In the past three months, I’ve learned a little bit of a new language, studied the international topics that I am passionate about, traveled to North Africa for the first time, gotten lost MANY times, and met absolutely amazing people from all over the world. I certainly would not have guessed that I would spend some of Christmas day trying to explain to a friend from Uganda that, in the US, we give our dogs clothes for Christmas.
So here I am, getting ready to celebrate Capodanno in Rome, with one of my oldest and dearest friends, as well as with a whole group of our newest friends.
But there was a moment this year, when and I had just gotten back from Morocco, my hair was a mess, my hands were covered in henna, my scarf was askew and I was in a huge rush to leave my apartment in Rome to make it to an economic conference with the President of Italy, when I caught a glimpse of myself in the mirror and thought, “What am I doing right now?”
As crazy as it sounds, I’m doing exactly what I am supposed to be doing, but if you had told me last New Years Eve that ANY of this would be in store for me in 2010, I never would have believed you.
If there is something you want to do in 2011, do it. If there is somewhere you want to move in 2011, move there. If there is a person you want to be in 2011, become that version of yourself.
Buon anno! Tanti auguri! May 2011 be more than you ever dreamed it could be.
8 thoughts on “Ciao, 2010!”
This is one of my fav posts! Love the last lines for some reason..
Happy New Year, rubita!! Enjoy all the new adventures 2011 will bring! Un besito gordo.
Have a great New Year with lots of lovely travel. I did a review of my travels last year also. When you look back is reminds you how far you went.
WOW! What a year. I think you MIGHT have the travel bug. You might want to have that looked at by a profficional. It is possible to live with as long as you maintain a steady diet of sun, postcard writing, food experimentation, and adventure…with a side of healthy picture taking. Good luck to you.
I’m still smiling…
Wow! You’re talking to me. I’m an American who has been living in latin countries for the past 11 years. I’m 26. Without making any plans for a change…the thought of Italy came to my mind during the New Year vacations and I’m determined to go there. That is exactly what I want to do for 2011. I came across your blog looking up Italy. Do you have any tips on how I can aquire a working visa? I hear it’s impossible. But impossible doesn’t dissuade me. If you have any info, I’d appreciate it.
They’re tricky, but not impossible. I’m not going to lie, most of the people I know that work in Italy, don’t have their papers, so there are lots of employers that are sketchy enough to work around them.
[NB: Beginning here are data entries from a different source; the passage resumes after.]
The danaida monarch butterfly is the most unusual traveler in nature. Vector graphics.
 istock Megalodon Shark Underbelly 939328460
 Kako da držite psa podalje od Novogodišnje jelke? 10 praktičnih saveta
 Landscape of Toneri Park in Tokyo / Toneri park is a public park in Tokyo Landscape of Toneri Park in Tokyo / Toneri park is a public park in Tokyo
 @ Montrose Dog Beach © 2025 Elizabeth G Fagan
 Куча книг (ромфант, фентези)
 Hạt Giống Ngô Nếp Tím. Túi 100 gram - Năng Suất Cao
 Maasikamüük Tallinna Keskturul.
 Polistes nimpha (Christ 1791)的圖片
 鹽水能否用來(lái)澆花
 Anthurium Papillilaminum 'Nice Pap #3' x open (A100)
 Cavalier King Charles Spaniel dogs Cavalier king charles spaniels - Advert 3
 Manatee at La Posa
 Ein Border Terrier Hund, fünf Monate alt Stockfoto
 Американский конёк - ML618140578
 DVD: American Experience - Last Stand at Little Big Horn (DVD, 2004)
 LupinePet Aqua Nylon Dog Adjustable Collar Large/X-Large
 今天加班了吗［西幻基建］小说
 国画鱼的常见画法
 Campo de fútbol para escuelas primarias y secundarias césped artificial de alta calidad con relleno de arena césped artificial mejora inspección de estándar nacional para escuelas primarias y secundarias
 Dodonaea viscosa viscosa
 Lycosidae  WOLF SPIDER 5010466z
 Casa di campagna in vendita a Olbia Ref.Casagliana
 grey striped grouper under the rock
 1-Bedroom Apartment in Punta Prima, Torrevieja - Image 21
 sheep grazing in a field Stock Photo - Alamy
Start contacting companies and applying now, because it’s actually easier to get the work permit before you’re in Italy. Try schools that hire international mother-tongue English speakers, as well as corporations that have offices outside of Italy. They tend to have more experience hiring non-Italian workers.
Good luck! All the work will be worth it once you’re in Italia!
While I realize that this was posted quite a while ago, I think this is an appropriate post to comment on. Ten months ago, my family and I decided we wanted to move to Rome. To prepare for the big trip, I looked for any and all blogs about living in Italy, or more specifically, Rome. And I found your blog.
Just thought you should know that we are leaving the US in two weeks, and your blog has been wonderful for keeping us inspired 🙂
Thank you so much!
Thanks so much for your comment! I hope you have an amazing time here in Rome and I am so glad to here the blog was a bit of help.